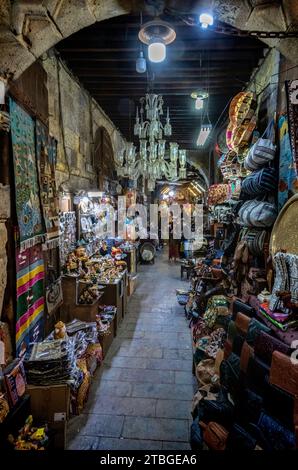 Bob al-Badistan porte et magasins dans le souk al-Nabulsi de nuit, Khan el-Khalili, le Caire Banque D'Images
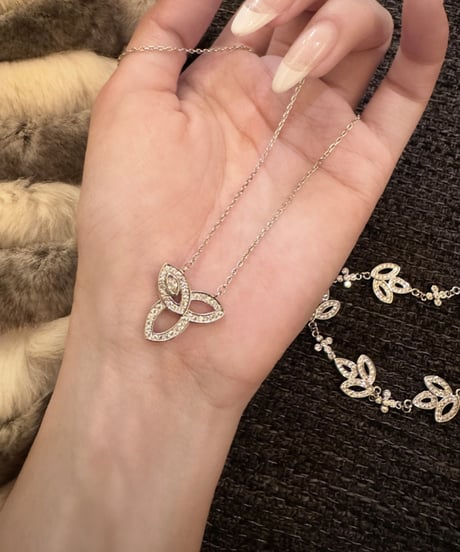 Leaf Silver Necklace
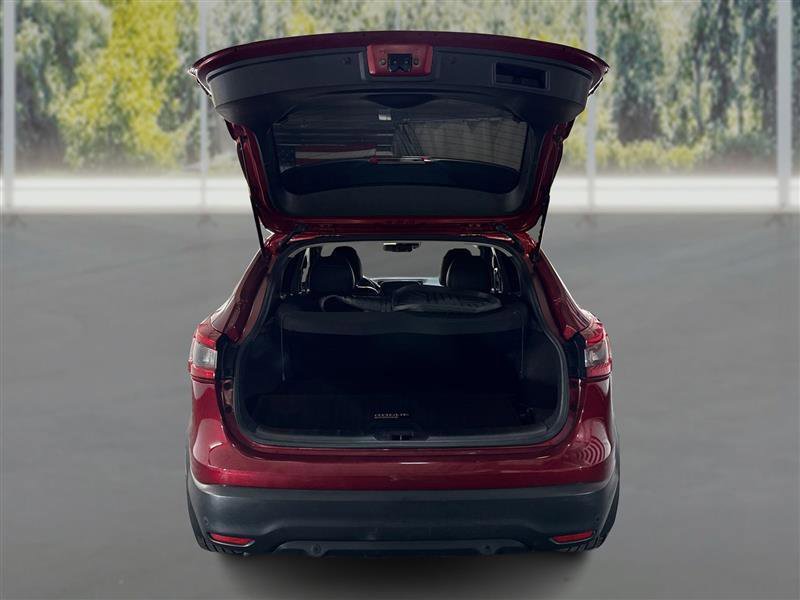 Used 2020 Nissan Rogue Sport SL image 12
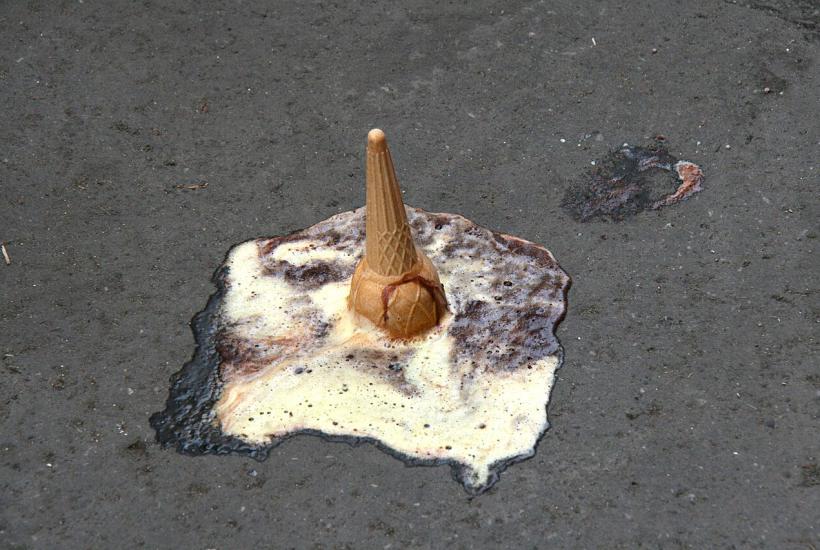 Упавшее мороженое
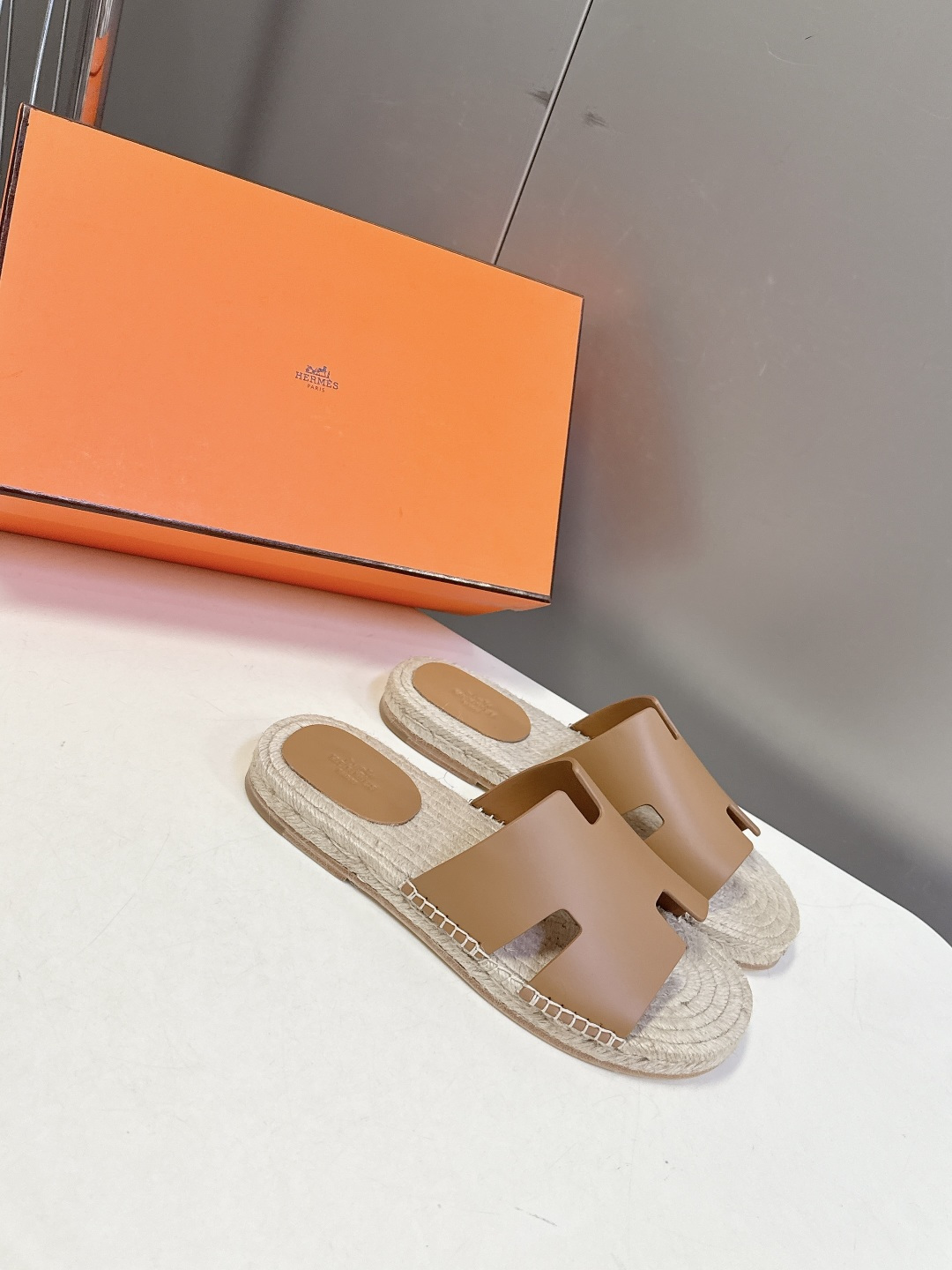 HERMES爱马仕春夏最新情侣款Antigua草编鞋 H拖鞋 超多明星网红种草 夏天必备 麂皮山羊皮草编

• [WHAT TO WORK ON]:
Transcribe the lines that run from the line bearing "Used 2020 Nissan Rogue Sport SL image 12" through the last line of the data. Keep the wording exact and leave out every picture.

• [ANSWER BELOW]:
 Used 2020 Nissan Rogue Sport SL image 12
 Упавшее мороженое
 HERMES爱马仕春夏最新情侣款Antigua草编鞋 H拖鞋 超多明星网红种草 夏天必备 麂皮山羊皮草编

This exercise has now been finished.